Will try this one. Does this issue only not reaching the checkpoint cloud via CPuse or the other updates are included like for the IPS and App Control? TIA

I recall all else worked fine, no issues...updates, pings, curl_cli, routing, etc...ONLY issue was exactly what you had mentioned.

Hello @emmap. At first that is my initial assumption, but after installing the CRL fix, it does not disappear and still can't check for updates. 

iam running r82 management with take 60 and CRL_VALIDATION Hotfix Take 5. cpuse is working without any problems.

which dns servers you are using? check your logs if you can reach them.

@Daniel_Hainich I am using google dns since it is only a lab environment. My gateway currently running take 44, maybe I'll try to install JHF take 60 then CRL Hotfix. 

as @emmap wrote, check your network settings. dns should work also with take 44 / without hotfix. whats on with the log? does your policy allow dns to google?

Based on logs, looks like it is intermittent, I already installed the Take 44 CRL Hotfix since it includes that Check Point Updates and Services issue may occur, but it does not resolve the issue.

What is the full error in the installer logs?

Does it contain "Connection Error, FDT - Unexpected error code"?

Please be aware that you will need to remove the hotfix of take 44 before moving to take 60 otherwise you will get a conflict.

I am using google DNS since it is only a lab environment.

I think you need to troubleshoot this DNS problem before worrying about making CPUSE work. What devices are in path that might be blocking it?

@emmap actullay there is still no conenected device in the gateway. I just finished the First time Wizard Configuration and trying to install hotfix using cpuse, btw my policy is set to any-any since it is only a lab environment.

What do you mean there are no connected devices, how is it getting internet access to ping out?

Ohh what I mean is my lab is only in VM, but the next-hop is the firewall here in my working space, but I verified that the connection from my lab going to the internet is allowed. 

Hello @Martijn Yes, the DA is updated. I attached the result of the curl command.

Same issue here. With the -k option it's ok, with -v not.

CRL_VALIDATION Hotfix for R82 is installed on both Gateways and the Management Server (R82 Take 60).

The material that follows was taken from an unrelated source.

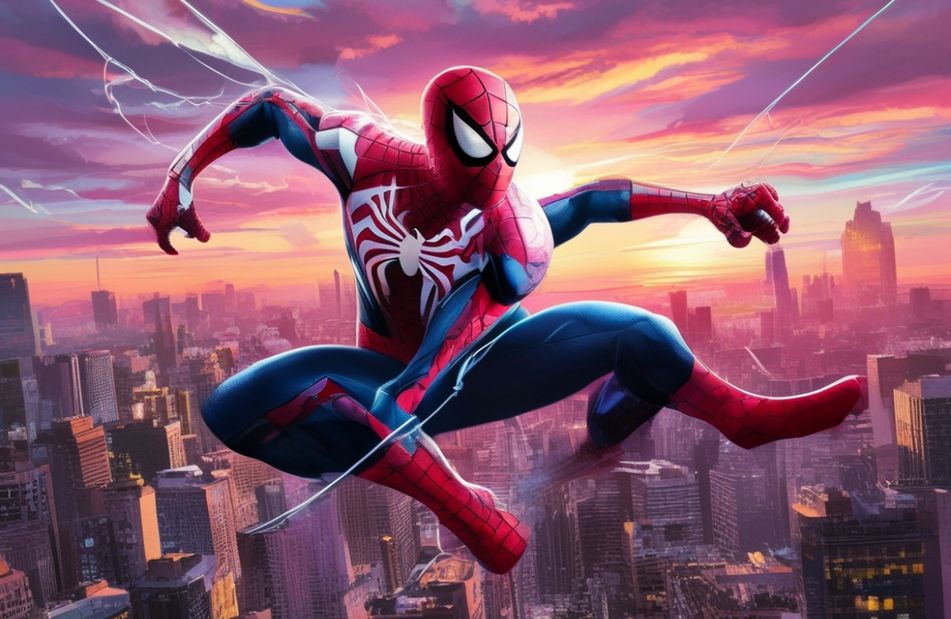 Miles Morales Wallpaper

Is there a solution for this available ?

did you installed the crl patch? https://support.checkpoint.com/results/sk/sk184766

Nope. we would like to wait until its included in future jhf.

Funny thing is that they were up to date after upgrade. 

Upon upgrading is it renewing the IPsec and internal certificates automatically ?
Checking ipsec certificate it still the old generated before upgrade. Or is this not relevant ?

Hi,

I would advice to install the hotfix. Just as a test to see if this solves your issue.

Martijn

Would this hotfix make a workaround for future installations of release JHF ?

Mike,

I assume this hotfix will be merged into any future JHF is this is needed.

Sometimes you can install a new JHF directly on a system with a seperate hotfix. But sometimes you need to uninstall the hotfix before installing a new JHF.

Always perform a verify before installing a hotfix/JHF and read the release notes.

Martijn 

Thanks!

It depends if issue fixed in private portfix is already included in JHF you are trying to install.

If yes, you will not get any warning/error during CPUSE update of JHF, since issue is already part of JHF. The private portfix will be removed from cpinfo -y all output.

If issue in private portfix is not yet included in JHF, you get warning and installation of JHF will be blocked.

@Mar 

Just an update. The CPuse is now working.  I installed the Recommended JHF take 60 and the relevat CRL for this take. I don't know if the CRL fix fix the issue, because it does not take effect immediately after installing the CRL fix, but it is the only thing I've done in my gateway. Anyways, it is working now. Thanks to everyone for your help.